Родители мои в Испании, братья у меня сама знаешь какие, ты не можешь покинуть свое семейство; но не беспокойся — два ангела спустились ко мне с небес: герцог и герцогиня Сориа, эти чудесные люди, поспешили на помощь к своему брату. Последние ночи мы втроем сидели у изголовья постели, где умирал один из подлинно благородных и подлинно великодушных людей, которые так редки и так превосходят нас во всем. Мы сидели молча, не давая воли своему горю. Фелипе сносил все муки с ангельским терпением. Увидев своего брата и Марию, он на мгновение просветлел душой и почувствовал облегчение.

«Дорогая, — сказал он мне со свойственной ему простотой, — я чуть не забыл перед смертью отказать Фернандо поместье Макюмер, мне надо переписать завещание. Брат простит меня, он знает, что значит любить!»

Герцог и герцогиня Сориа выходили меня, они спасли мне жизнь, а теперь хотят увести меня в Испанию!

Ах, Рене, ты одна можешь понять всю тяжесть моей утраты.
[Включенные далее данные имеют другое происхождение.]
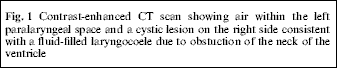 Growth hormone abuse and bodybuilding as aetiological factors in the development of bilateral internal laryngocoeles. A case report.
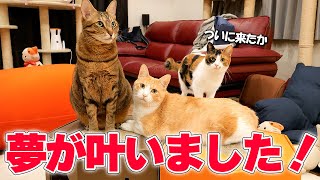 ついに猫たちとの長年の夢が叶いました！！！【重大発表】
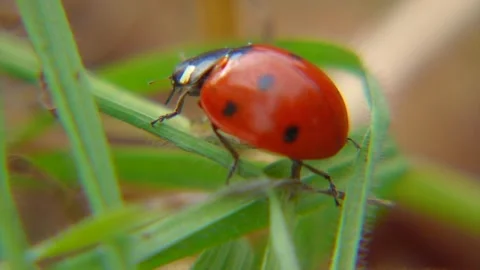 Ladybug Crawling on Grass - Macro Nature Footage Stock Footage 287204308
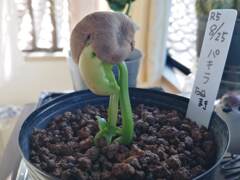 パキラ種まき10日後。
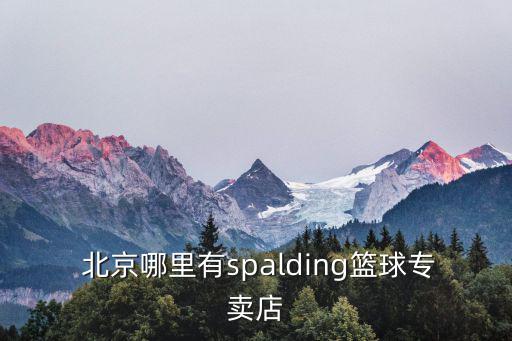  北京哪里有spalding籃球?qū)Ｙu店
Меня гнетет чувство вины, и я нахожу горькое утешение в том, чтобы покаяться перед тобой, бедная Кассандра, которую никто не хотел слушать [106] . Я убила его своей требовательностью, беспричинной ревностью, постоянными придирками. Моя любовь была тем ужаснее, что оба мы обладали одинаково острой чувствительностью и говорили на одном языке; он прекрасно понимал меня, и часто мои шутки ранили его в самое сердце, а я об этом даже не подозревала. Ты не можешь себе вообразить, как он был покорен, мой милый раб: мне случалось говорить ему, чтобы он ушел и оставил меня одну, он глотал обиду и безропотно уходил. До последнего вздоха он благословлял меня, повторяя, что одно утро вдвоем со мной для него дороже целой жизни с любой другой женщиной, будь то даже Мария Эредиа. Я пишу тебе эти слова и плачу.

106

...Кассандра, которую никто не хотел слушать...— Кассандра (греч. миф.) — троянская царевна, наделенная даром пророчества; по воле Аполлона, ее пророчествам никто не верил.

Теперь я встаю в полдень, спать ложусь в семь часов вечера, до смешного долго сижу за столом, хожу медленно, могу час простоять перед каким-нибудь цветком или деревом, разглядывая листья, я серьезно и размеренно занимаюсь пустяками, я полюбила тень, тишину и ночь; словом, я с мрачным удовлетворением убиваю время. Единственная моя отрада — тихий парк, где передо мной встают картины былого счастья, невидимые для других, но красноречивые и живые для меня.

Когда однажды утром я сказала Фернандо и Марии: «Я не могу вас больше выносить. Ваше испанское великодушие гнетет меня!» — Мария бросилась мне на шею.